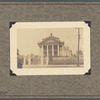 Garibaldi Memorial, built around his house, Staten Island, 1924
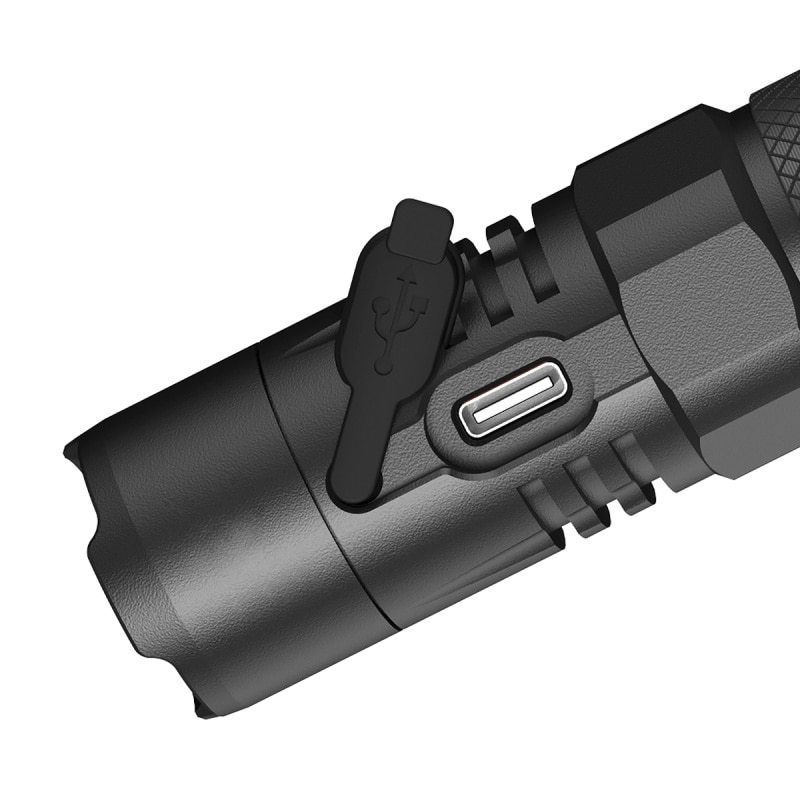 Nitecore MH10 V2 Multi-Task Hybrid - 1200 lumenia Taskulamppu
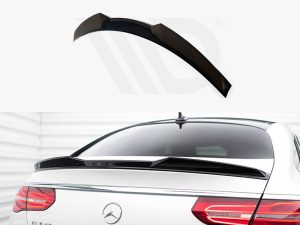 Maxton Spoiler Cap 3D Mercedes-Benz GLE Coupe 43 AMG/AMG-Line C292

##############################

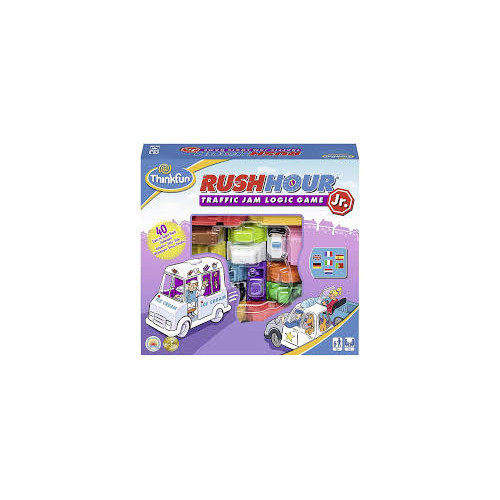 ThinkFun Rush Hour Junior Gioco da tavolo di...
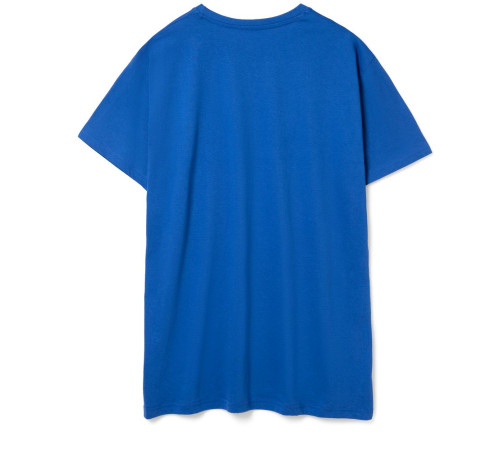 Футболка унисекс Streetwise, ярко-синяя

##############################

== YOUR INSTRUCTIONS ==
Among the lines above, the one with "ThinkFun Rush Hour" opens the part to repeat and the one with "Футболка унисекс Streetwise, ярко-синяя" closes it; repeat only that part exactly, with no pictures.

== SOLUTION ==
 ThinkFun Rush Hour Junior Gioco da tavolo di...
 Футболка унисекс Streetwise, ярко-синяя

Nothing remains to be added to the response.